11th Annual Conference of the International Speech Communication Association

Makuhari, Chiba, Japan
September 26-30. 2010

Context-Sensitive Multimodal Emotion Recognition from Speech and Facial Expression Using Bidirectional LSTM Modeling

Martin Wöllmer (1), Angeliki Metallinou (2), Florian Eyben (1), Björn Schuller (1), Shrikanth S. Narayanan (2)
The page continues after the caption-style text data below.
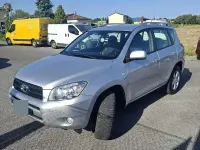 Usata Toyota RAV4 128 CV (94 kW) 2007 SUV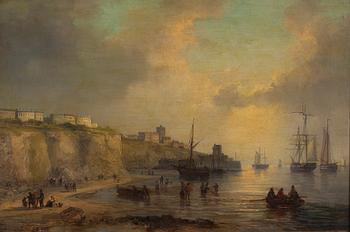 Unknown artist, England, 19th century.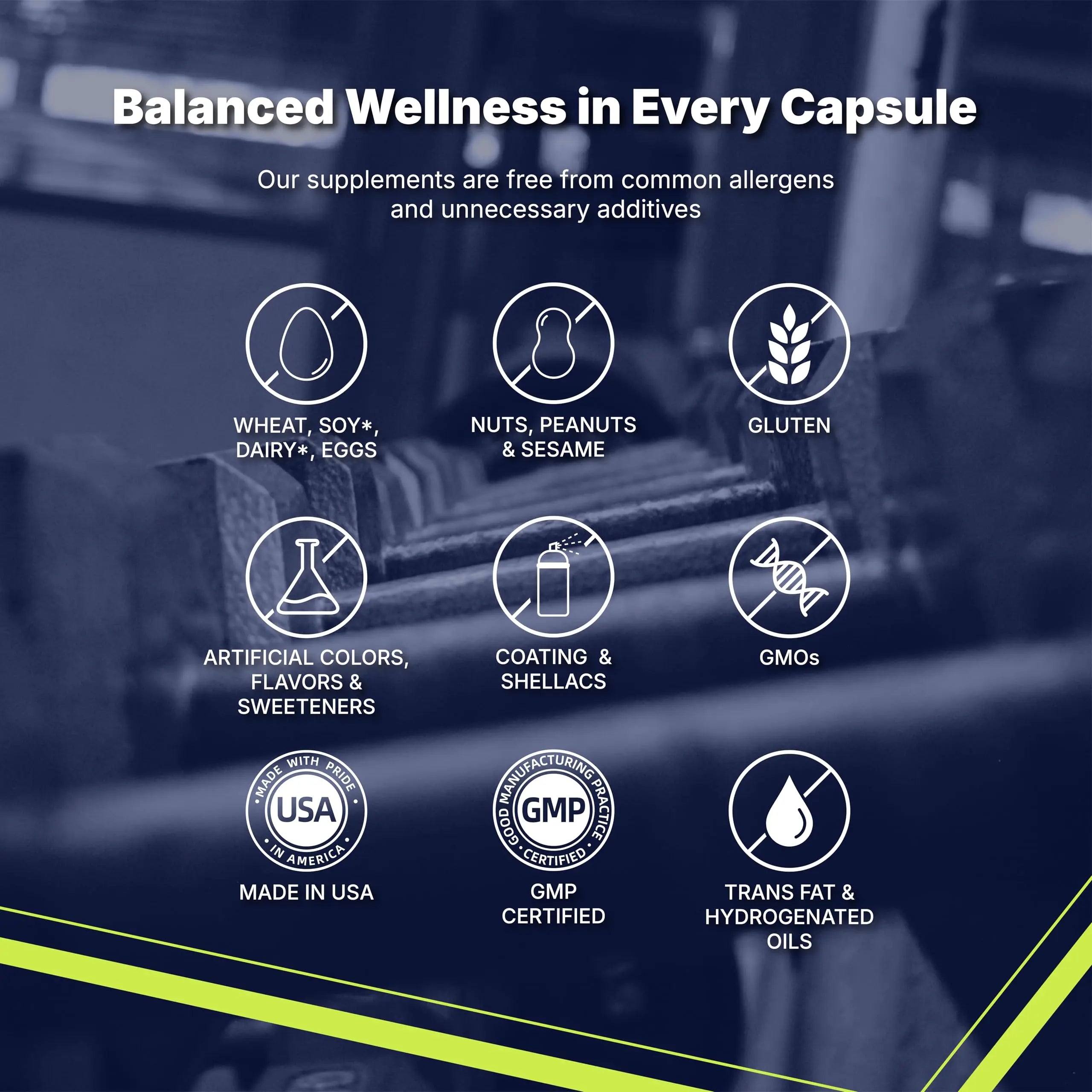 Vicwell Triple Magnesium Complex - 300mg Magnesium from Malate, Glycinate, and Citrate - Supports Stress Relief & Sleep, Nerves & Metabolism, Muscle Relaxation & Bone Health - 90 Capsules(1 Bottle) Vicwell Au supplements
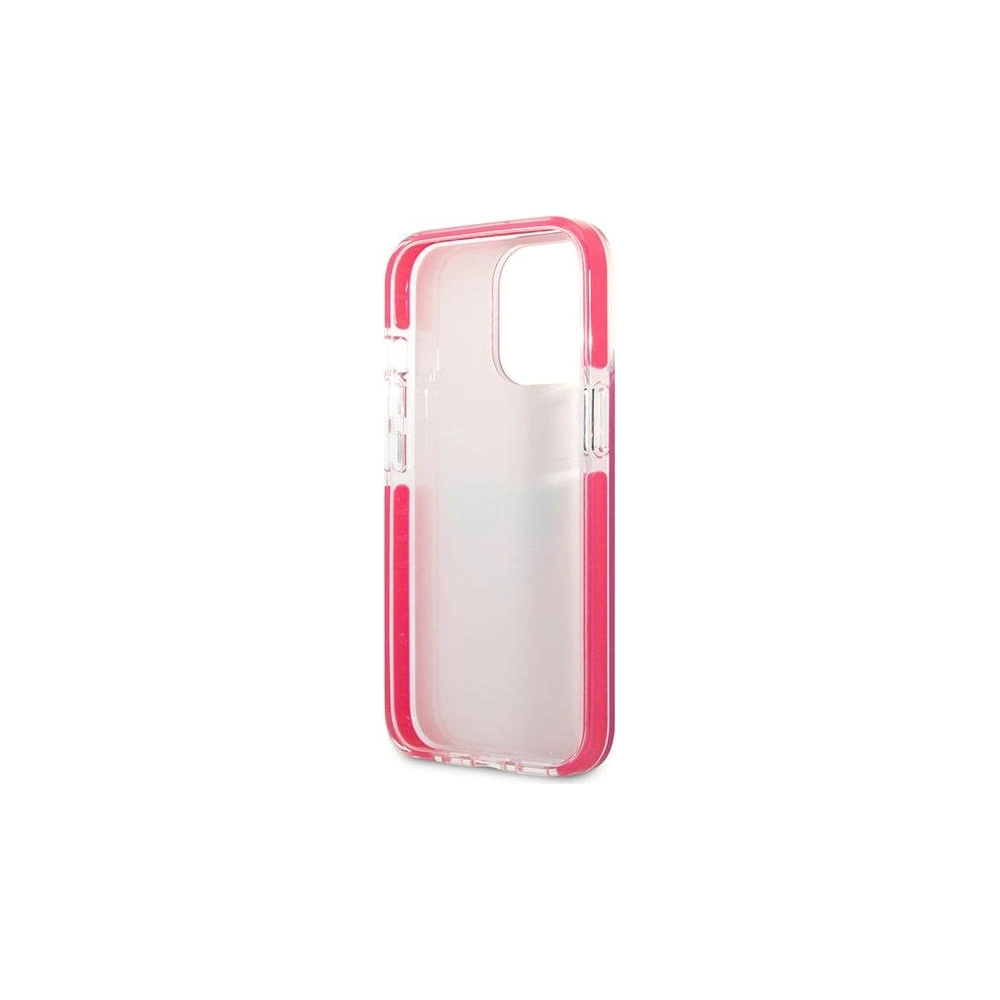 Hurtownia GSM - Etui Karl Lagerfeld KLHCP13XTPECPI Apple iPhone 13 Pro Max hardcase fucsia/fuchsia Choupette Head - KLD1198 - {ean13} - Hurt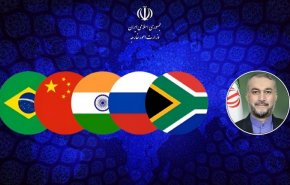 عبداللهيان يدعو مجموعة بريكس دراسة الاوضاع المتدهورة في غزة بشكل عاجل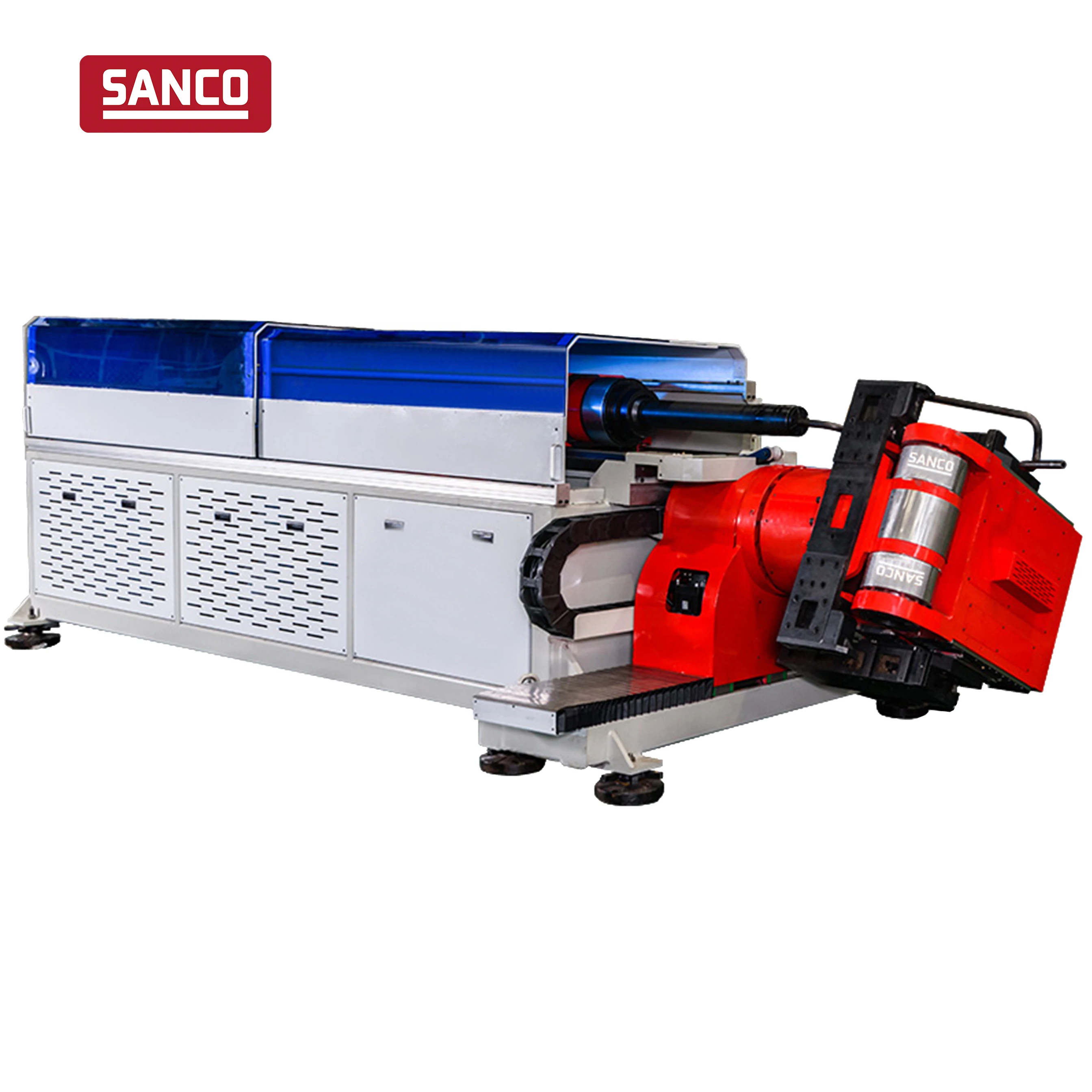 3D CNC трубогибочный станок 25 из нержавеющей стали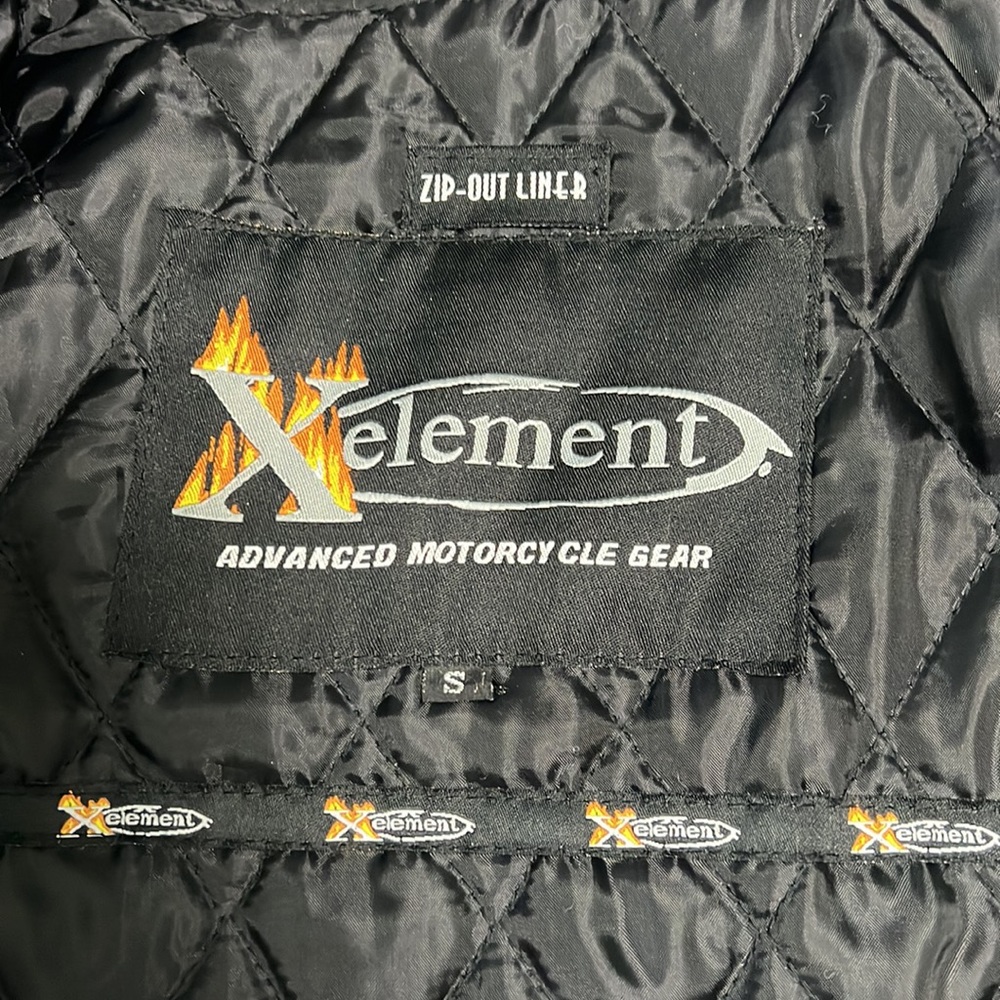 Xelement Motorcycle Jacket - Picture 7 of 12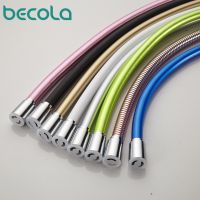 High Quality 1.5m PVC Flexible Shower Hose Bath Room Shower Set Accessories Explosion-Proof s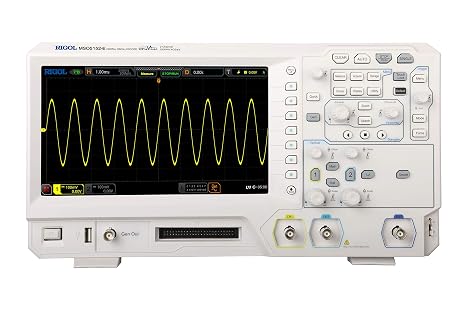 Rigol MSO5152-E Digital-Oszilloskop 150MHz 2-channel 4 GSa/s 100 kpts 8 Bit 1 pc(s)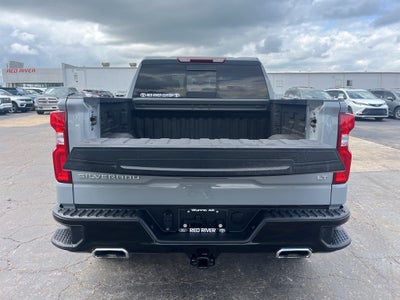 2024 Chevrolet Silverado LT Trail Boss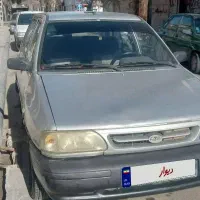 پراید ۸۹ دوگانه کارخانه|خودرو سواری و وانت|مشهد, شهید بهشتی|دیوار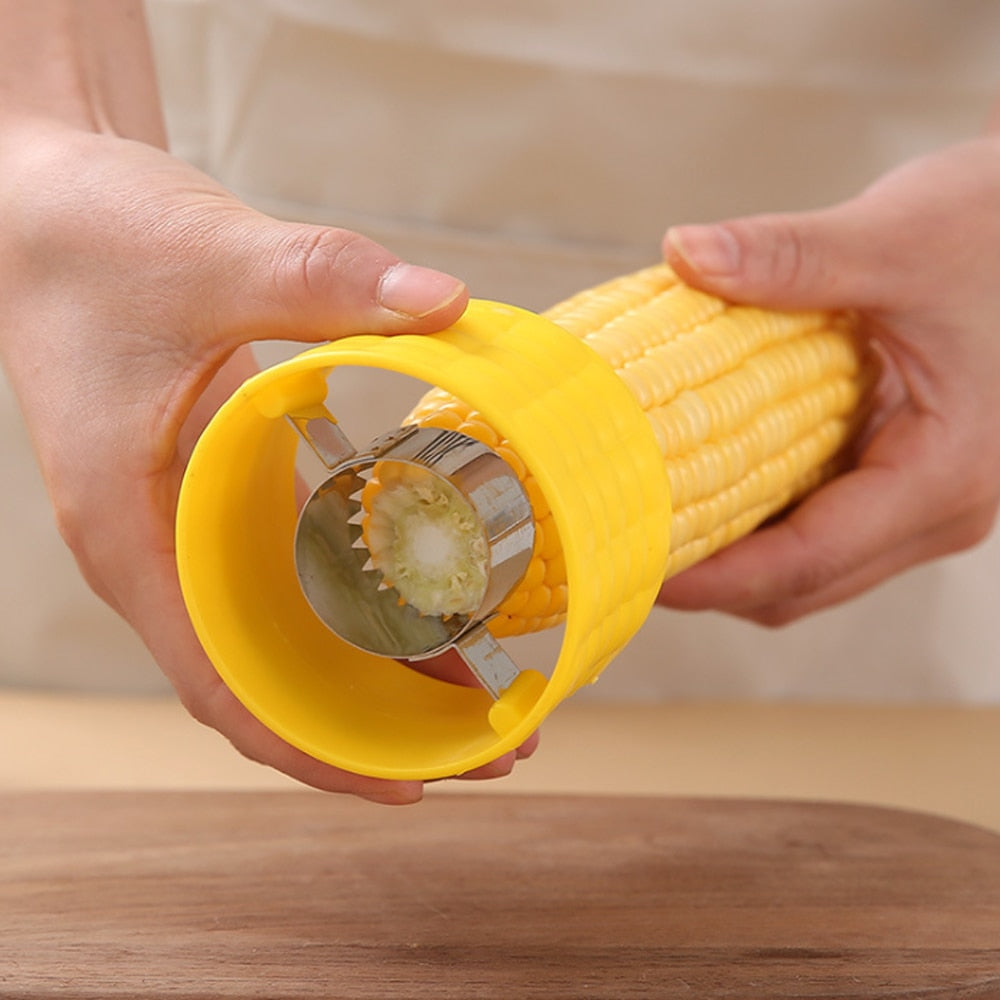 Corn on the Cob Peeler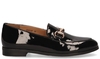 Di Lauro 1937-01 Zwart Damesloafers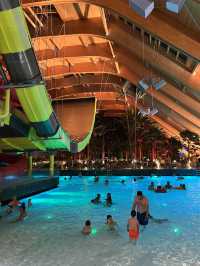 hot springs Therme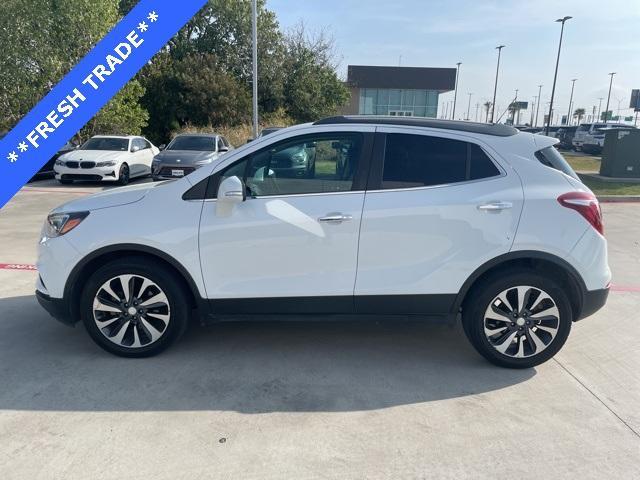 used 2020 Buick Encore car, priced at $11,991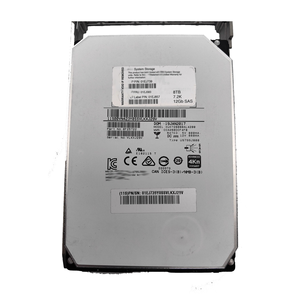 02PX586 3.5 inch 8TB 7200RPM SAS 12Gb/s Hard Disk Drive Enterprise SSD - Product Image 4
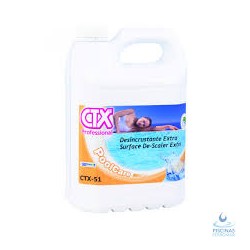 desincrustante extra envase 25 lts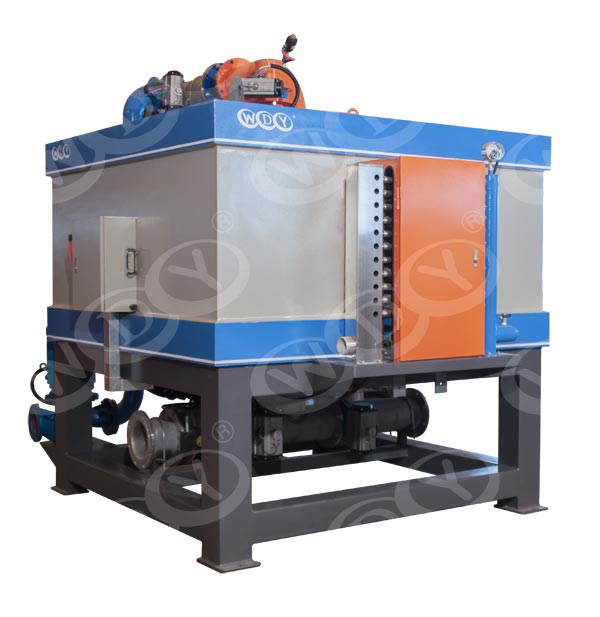 除鐵器廠(chǎng)家分享如何正確選用除鐵器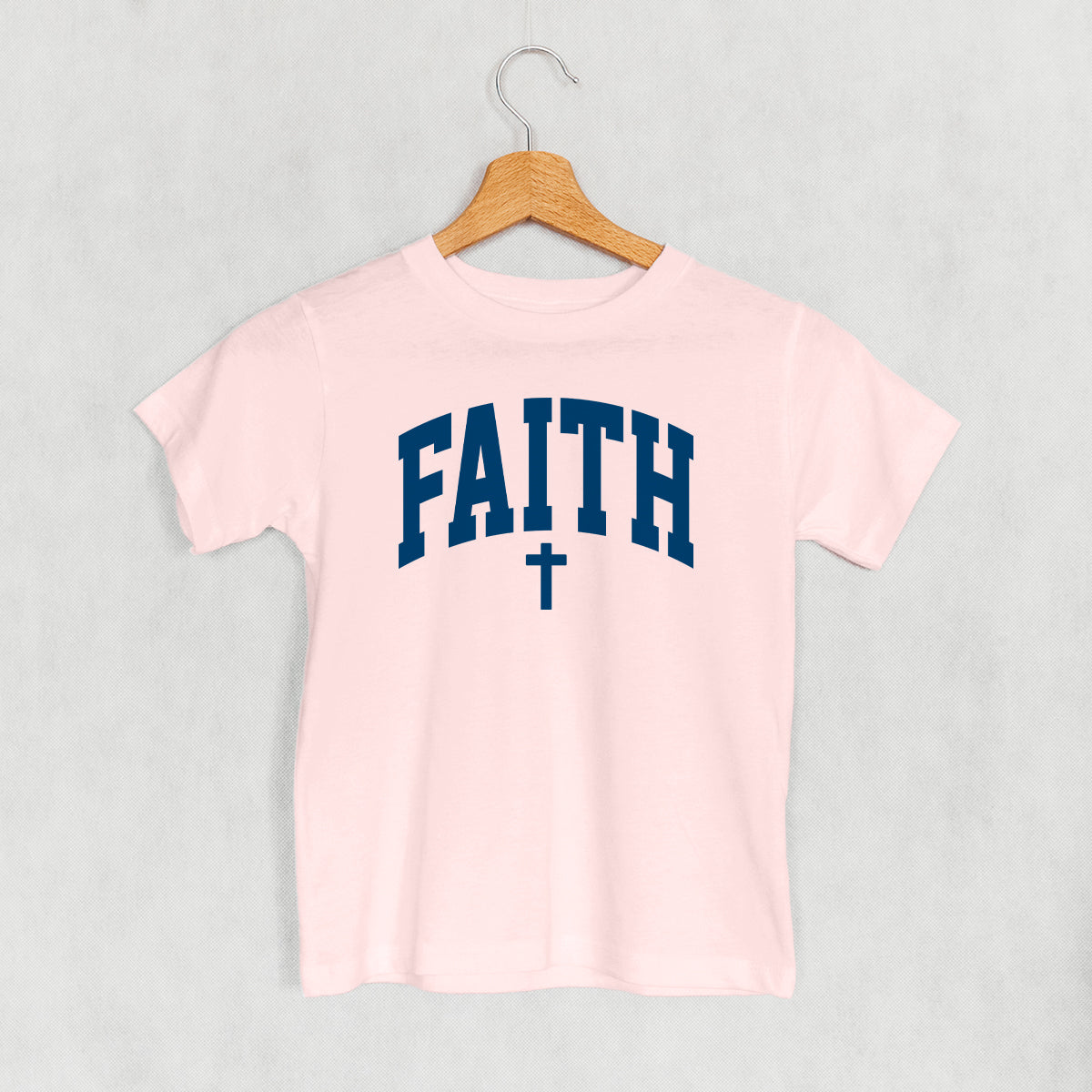 Faith Arch (Blue) (Kids)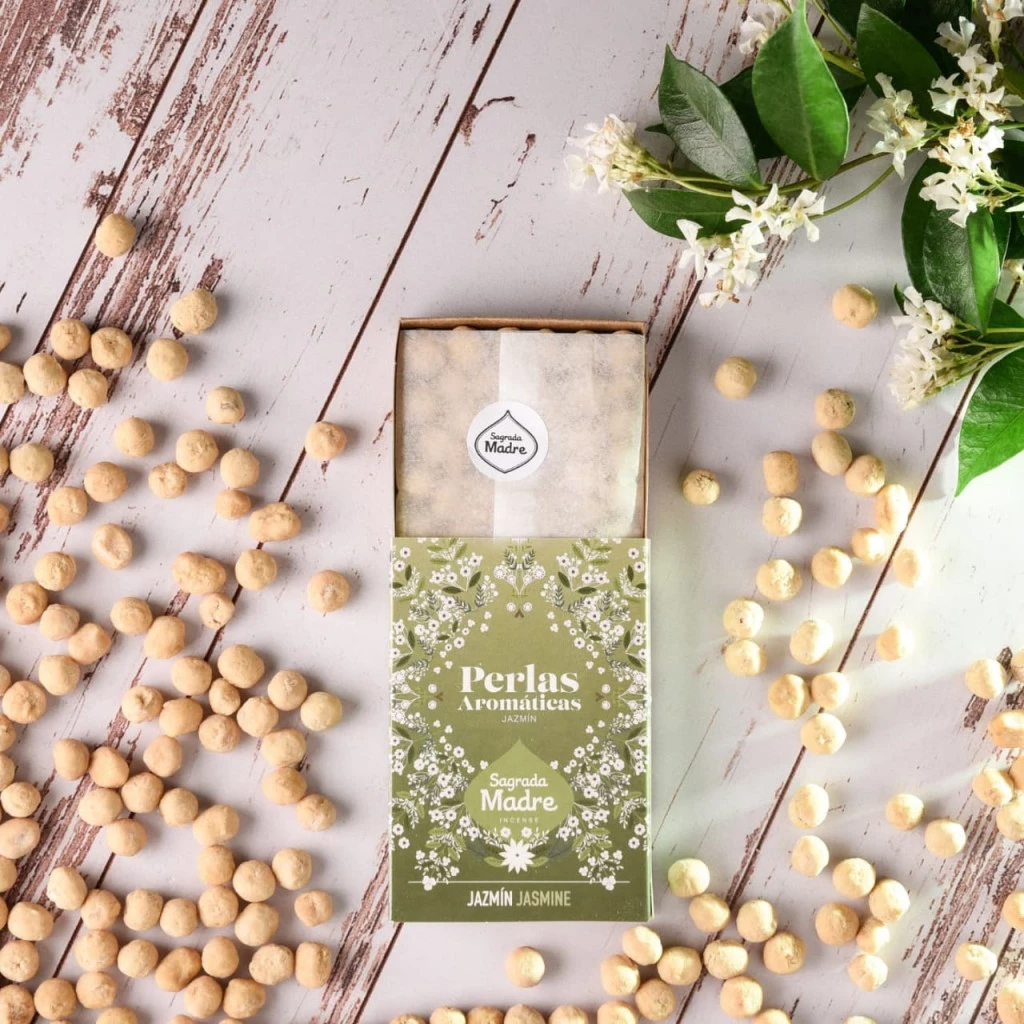 PERLAS AROMATICAS X 1 SAGRADA MADRE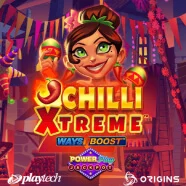 Chilli Xtreme PowerPlay Jackpot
(1) Technische Universität München, Germany
(2) University of Southern California, USA

In this paper, we apply a context-sensitive technique for multimodal emotion recognition based on feature-level fusion of acoustic and visual cues. We use bidirectional Long Short-Term Memory (BLSTM) networks which, unlike most other emotion recognition approaches, exploit long-range contextual information for modeling the evolution of emotion within a conversation. We focus on recognizing dimensional emotional labels, which enables us to classify both prototypical and non-prototypical emotional expressions contained in a large audio-visual database. Subject-independent experiments on various classification tasks reveal that the BLSTM network approach generally prevails over standard classification techniques such as Hidden Markov Models or Support Vector Machines, and achieves F1-measures of the order of 72%, 65%, and 55% for the discrimination of three clusters in emotional space and the distinction between three levels of valence and activation, respectively.

Full Paper

Bibliographic reference.  Wöllmer, Martin / Metallinou, Angeliki / Eyben, Florian / Schuller, Björn / Narayanan, Shrikanth S. (2010): "Context-sensitive multimodal emotion recognition from speech and facial expression using bidirectional LSTM modeling", In INTERSPEECH-2010, 2362-2365.